Step 3: Set Up Snowflake

  1. Create a Snowflake Account:

  2. Create a Database and Schema:

     CREATE DATABASE nyc_taxi_db;
     USE DATABASE nyc_taxi_db;
     CREATE SCHEMA nyc_taxi_schema;
     USE SCHEMA nyc_taxi_schema;
    
  3. Create a Table:

     CREATE OR REPLACE TABLE nyc_taxi_data (
         VendorID STRING,
         tpep_pickup_datetime DATETIME,
         tpep_dropoff_datetime DATETIME,
         passenger_count NUMBER,
         trip_distance NUMBER,
         RatecodeID STRING,
         store_and_fwd_flag STRING,
         PULocationID STRING,
         DOLocationID STRING,
         payment_type STRING,
         fare_amount NUMBER,
         extra NUMBER,
         mta_tax NUMBER,
         tip_amount NUMBER,
         tolls_amount NUMBER,
         improvement_surcharge NUMBER,
         total_amount NUMBER,
         congestion_surcharge NUMBER,
         airport_fee NUMBER
     );
    

Step 4: Create a Storage Integration in Snowflake

  1. Create the Storage Integration:

     CREATE OR REPLACE STORAGE INTEGRATION s3_integration
     TYPE = EXTERNAL_STAGE
     STORAGE_PROVIDER = 'S3'
     ENABLED = TRUE
     STORAGE_AWS_ROLE_ARN = 'arn:aws:iam::058264339195:role/SnowflakeS3AccessRole'
     STORAGE_ALLOWED_LOCATIONS = ('s3://my-nyc-taxi-bucket/');
    
  2. Get the External ID:

     DESC INTEGRATION s3_integration;
    
    • Note the STORAGE_AWS_IAM_USER_ARN and STORAGE_AWS_EXTERNAL_ID.

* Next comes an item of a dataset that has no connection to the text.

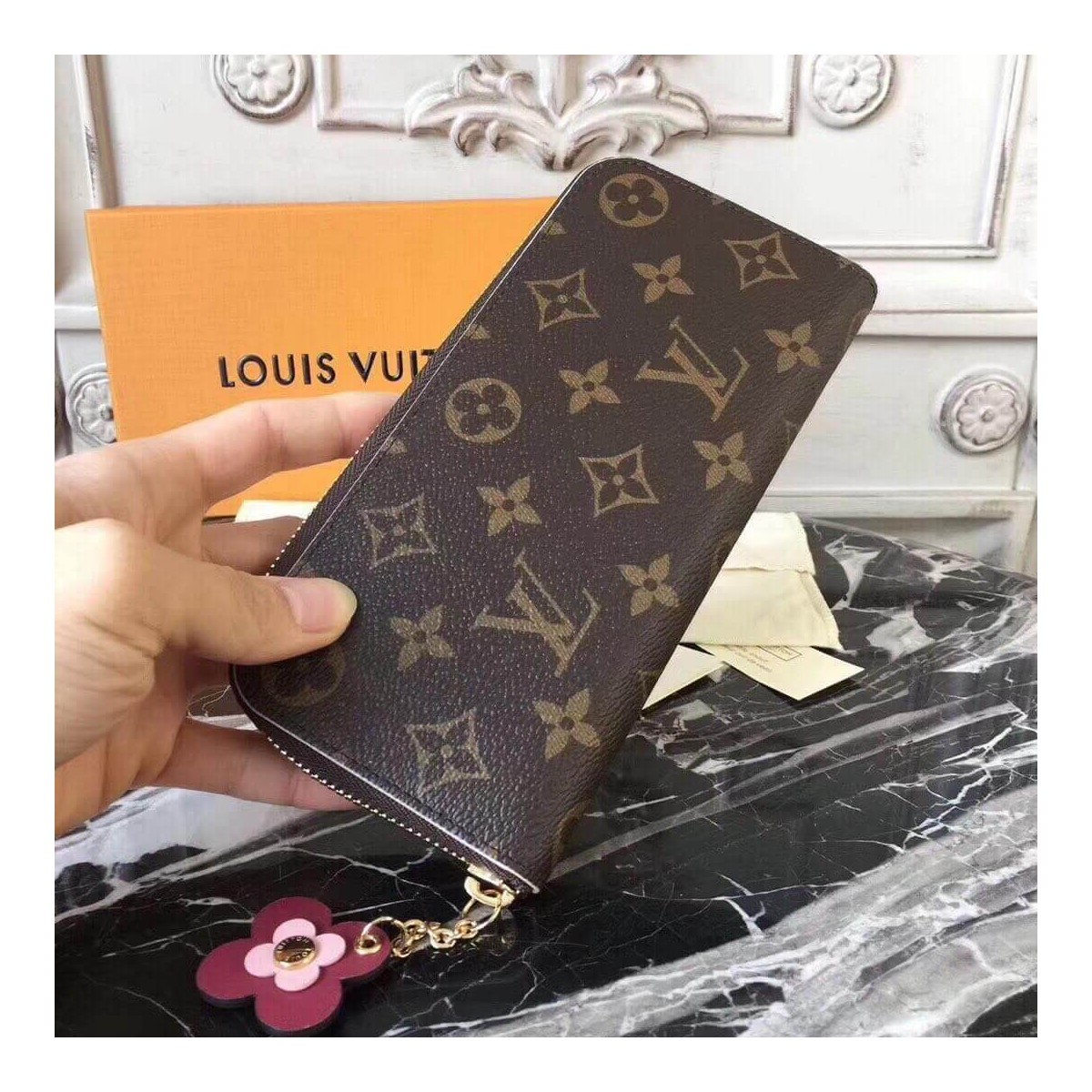 Louis Vuitton Monogram Cavas Clemence Wallet M64201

  3. Update the IAM Role Trust Policy:

    • Go back to the IAM role in AWS Management Console.

    • Update the trust relationship to include the external ID.

    {
        "Version": "2012-10-17",
        "Statement": [
            {
                "Effect": "Allow",
                "Principal": {
                    "AWS": "arn:aws:iam::YOUR_ACCOUNT_ID:root"
                },
                "Action": "sts:AssumeRole",
                "Condition": {
                    "StringEquals": {
                        "sts:ExternalId": "EXTERNAL_ID_FROM_SNOWFLAKE"
                    }
                }
            }
        ]
    }

Step 5: Create an External Stage in Snowflake

  1. Create the External Stage:

     CREATE OR REPLACE STAGE my_s3_stage
     URL = 's3://my-nyc-taxi-bucket/'
     STORAGE_INTEGRATION = s3_integration;
    

Step 6: Load Data from S3 into Snowflake

  1. Copy Data into Snowflake Table:

     COPY INTO nyc_taxi_data
     FROM @my_s3_stage
     FILE_FORMAT = (
       TYPE = CSV 
       FIELD_OPTIONALLY_ENCLOSED_BY = '"' 
       SKIP_HEADER = 1
       FIELD_DELIMITER = ','
       EMPTY_FIELD_AS_NULL = TRUE
       NULL_IF = ('NULL', '')
     )
     ON_ERROR = 'CONTINUE';
    

Step 7: Analyze Data in Snowflake

  1. Run Basic Queries:

     SELECT * FROM nyc_taxi_data LIMIT 10;
    
     SELECT COUNT(*) FROM nyc_taxi_data;
    
     SELECT AVG(trip_distance) AS avg_trip_distance, AVG(total_amount) AS avg_total_amount
     FROM nyc_taxi_data
     WHERE tpep_pickup_datetime BETWEEN '2022-01-01' AND '2022-01-31';
    

  2. Generate Insights:

    • Use the Snowflake UI or export the data to visualization tools like Tableau, Power BI, or any other BI tool to create dashboards and reports.